If you had to kill it yourself, if you had to look it in the eye . . . would you eat it?
Louise's first kill is a disaster. She injures a rabbit, and thinks it has died in agony. But the experience teaches her a lesson, and when she subsequently finds the rabbit, she vows to do its death justice by finding out what it really means to kill and eat animals.
Many people claim to care about the meat that they eat, but do they really know how the animal died? The Ethical Carnivore addresses this universal question, through an emotional personal quest. Taking the current fashion for "ethical meat" to its logical conclusion, Louise vows to eat only animals she has killed herself for a year.
Starting small, Louise shoots and traps game such as hare and squirrels, and learns how to skin and cook them. She builds a new appreciation of the British countryside, and its wild fish and animals.
The narrative moves to domestic animals. Louise sees cows in the slaughterhouse; by talking to the men and women who work there, she finds out how the animals are killed and the effect it has on the people who do it on our behalf.
At the end of her journey, Louise goes wildfowling in the Orkneys to shoot a goose for Christmas dinner. She reflects that the rabbit with the white blaze has taught her to appreciate meat by facing up to the death of animals and to look deeply at her own morals and values.
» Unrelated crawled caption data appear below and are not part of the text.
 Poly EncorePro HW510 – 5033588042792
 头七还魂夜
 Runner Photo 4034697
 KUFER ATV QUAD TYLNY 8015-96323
About the Author: Louise Gray is former Environment Correspondent at The Daily Telegraph, where she covered annual UN talks on climate change, travelled to Paraguay to investigate GM crops, and got more than one scoop on recycling. Since leaving the newspaper at the end of 2013 she has written freelance for The Sunday Times, Guardian, Country Life, and Spectator, and has appeared on BBC Radio 4 and LBC.